Juve Stabia 0 – Avellino 0. Il Podio Gialloblu

Juve Stabia ed Avellino pareggiano senza trovare la via della rete. Al Menti, il derby termina 0-0 con le due squadre apparse più brillanti della rivale un tempo ciascuna

PODIO

Medaglia d’oro: a Guido Daví, muscoli e lucidità nella mediana della Juve Stabia. Prova superba per il figliol prodigo del centrocampo gialloblu, che garantisce alla sua squadra l’equilibrio imprescindibile per attutire l’offensivo 4-2-3-1 di Novellino. Daví, soprattutto quando la gara si accende, lotta come un leone buttandosi con coraggio anche nei contrasti più duri: pur senza togliere mai la gamba, il 4 stabiese è sempre corretto e mai cattivo con gli avversari. Rispetto al giovanissimo Daví di dieci anni fa, quello attuale è un calciatore completamente diverso, soprattutto in personalità e struttura fisica. Ad oggi imprescindibile.

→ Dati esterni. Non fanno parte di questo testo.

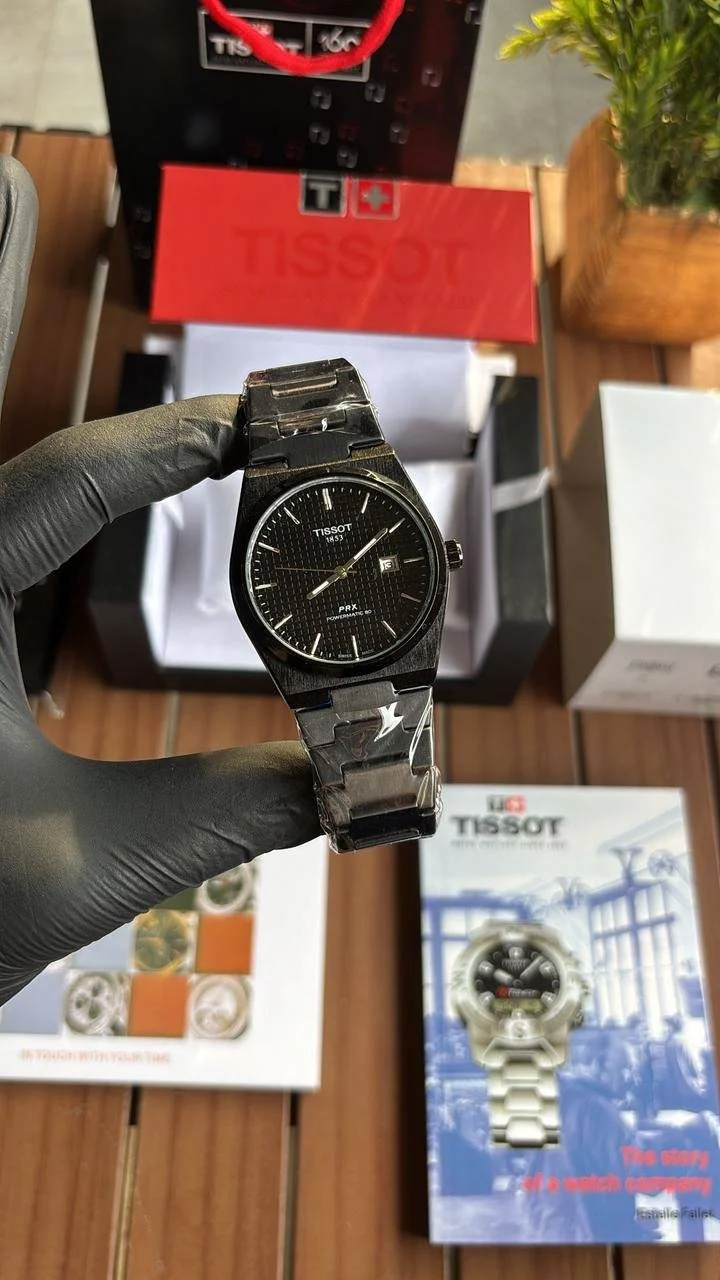 tissot prx full black tissot prx full black
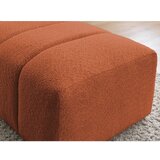 Bobochic Paris Tabure iz tkanine bouclé v barvi terakote Annecy – | Shoptok.si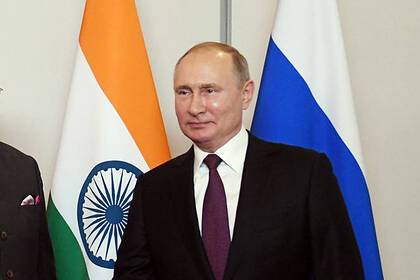 В Кремле рассказали о подготовке визита Путина в Индию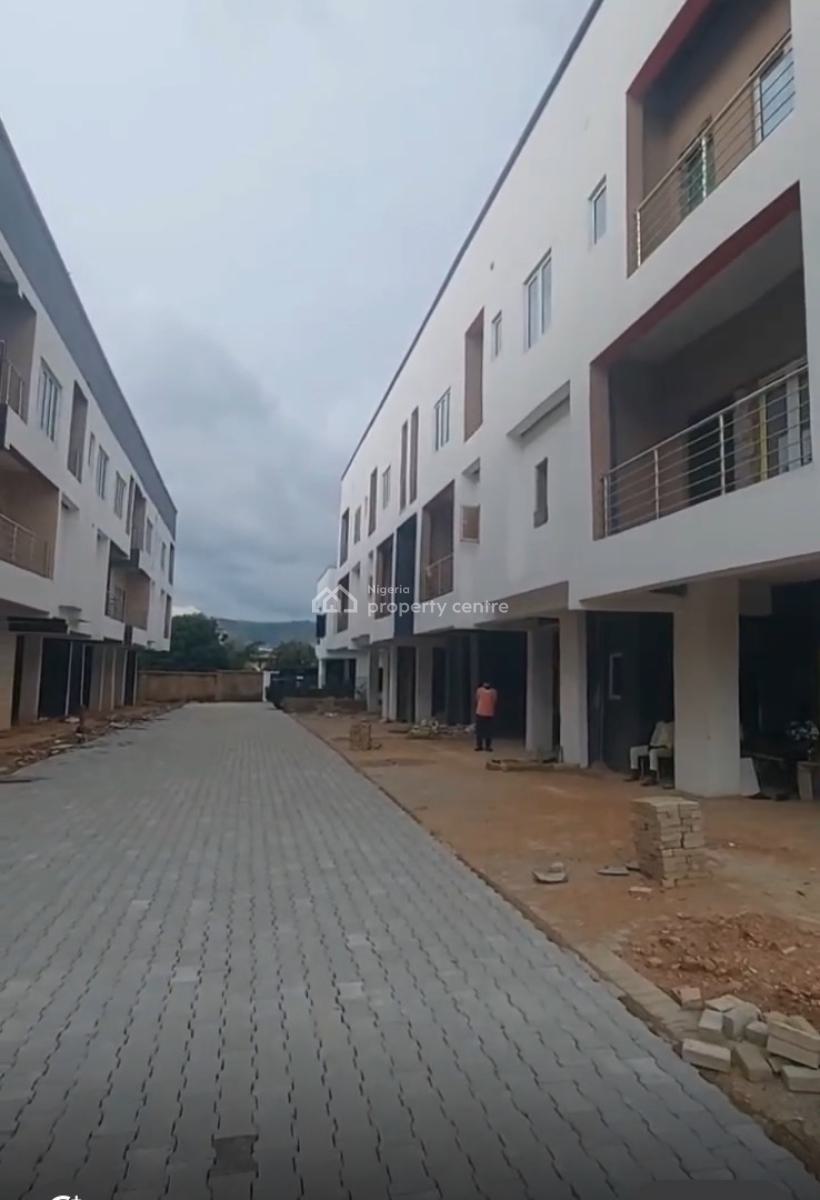 3 Bedroom Terrace Duplex, Katampe Main, Katampe, Abuja, Terraced Duplex for Sale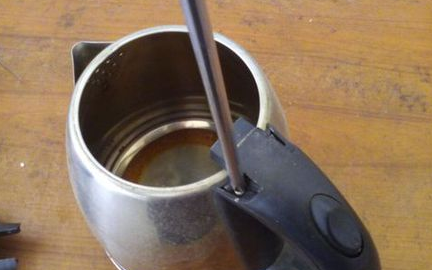 电热水壶蒸汽开关怎么维修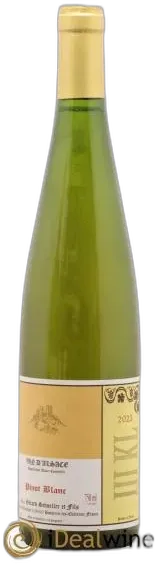 image du vin Alsace Pinot Noir Bildstoeckle Gérard Schueller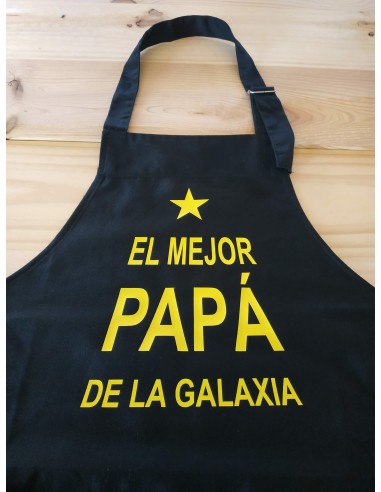 Delantal Papá de la Galaxia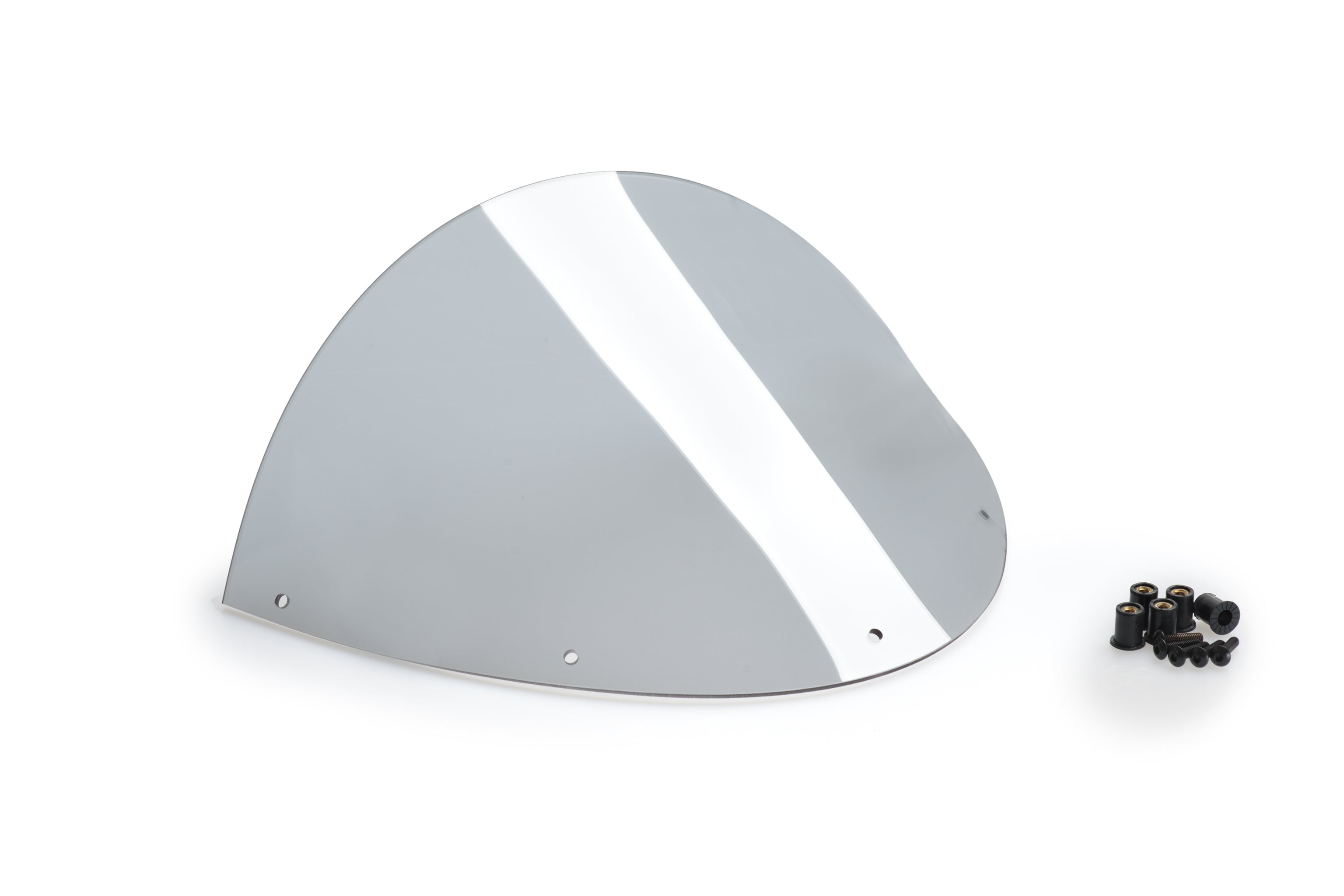 Puig Spare Screen for 'Puig Retro Semi-Fairing' | Light Smoke - Shop name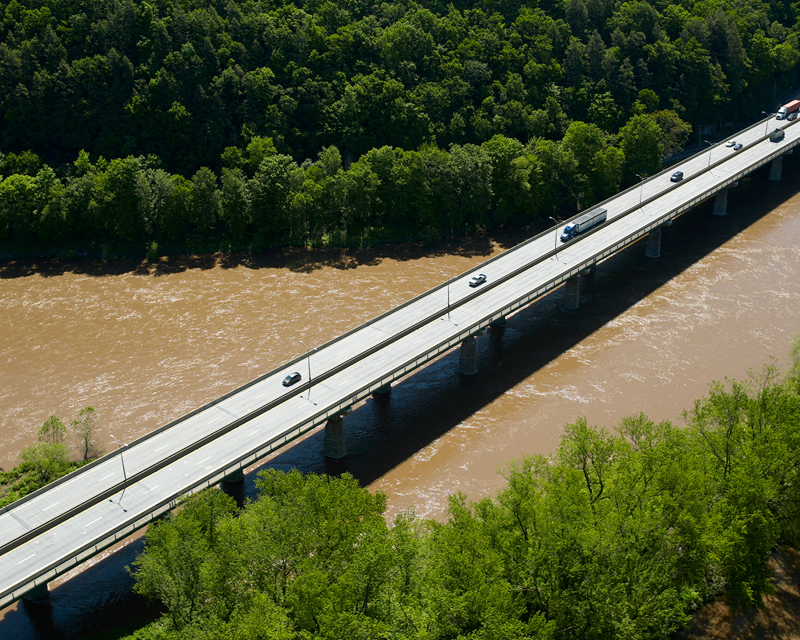 I-80 Delaware Water Gap Toll Plaza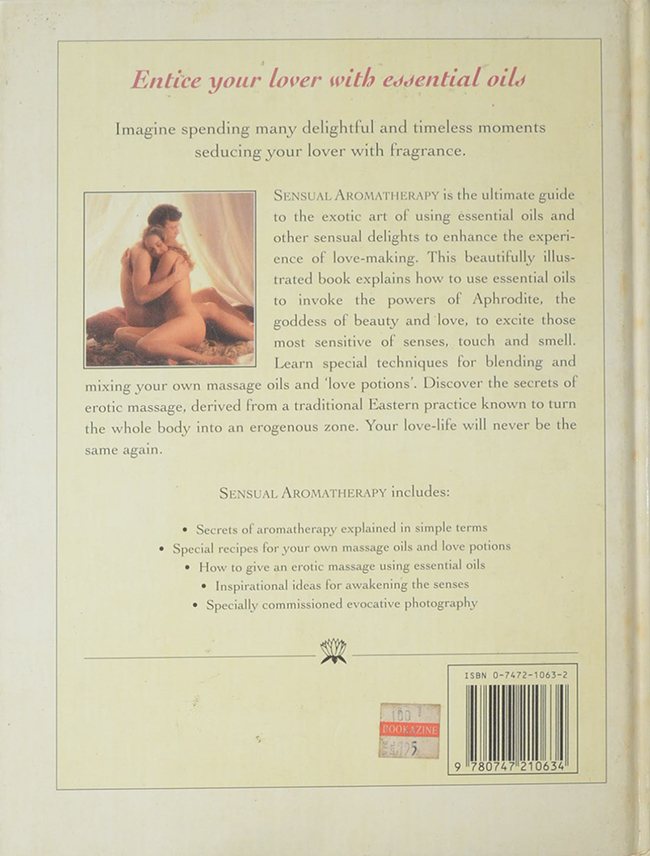 Sensual Aromatharapy Essential oils for lovers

Medaglia d’argento: a Denis Tonucci e alla sua gara da capitano coraggioso. In attesa che Troest ritrovi la giusta condizione, il colosso della difesa fronteggia con grinta e precisione Maniero e compagnia, non arretrando mai ma anzi facendo salire tutta la linea difensiva per evitare che la Juve Stabia si schiacci troppo. Galvanizzato dal big match, Tonucci non sbaglia praticamente nulla dando seguito con i fatti alle parole colme di grinta rilasciate alla presentazione della squadra.

Medaglia di bronzo: ad Alberto Rizzo, pungente un fase di spinta e accorto in chiusura. Il 3 stabiese all’inizio pare soffrire la vivacità di Kanoute salvo poi prendere le giuste contromosse all’esterno irpino. Sistemato il suo diretto rivale, Rizzo spinge molto, soprattutto nella ripresa, offrendo a Della Pietra una palla solo da appoggiare in rete ma che il giovane attaccante manda clamorosamente fuori.

CONTROPODIO
Medaglia d’oro: a Giuseppe Panico, che si vede davvero poco sul fronte offensivo. Pochissime le discese dell’ex Novara, imbrigliato bene da Tito sulla sua corsia. Potrebbe avere l’occasione di trovare il vantaggio, riscattando l’errore di Andria, ma la palla di Bentivegna è inarrivabile per lui.

Medaglia d’argento: a Edoardo Sarri, croce e delizia dei pali gialloblu. Bello il riflesso alla Garella di Sarri, che neutralizza il destro ravvicinato di Ciancio ma altrettanto vistose sono le disattenzione del giovane portiere, insicuro soprattutto in uscita.

Medaglia di bronzo: a Vincenzo Della Pietra ma solo per l’errore sotto porta. Gara generosissima del giovane attaccante, che con il suo ingresso allunga la squadra, costretta a cambiare gioco dopo l’uscita di Eusepi. Della Pietra battaglia in area di rigore fallendo però una facile palla gol di testa da pochi metri. Unico neo della sua prestazione gagliarda.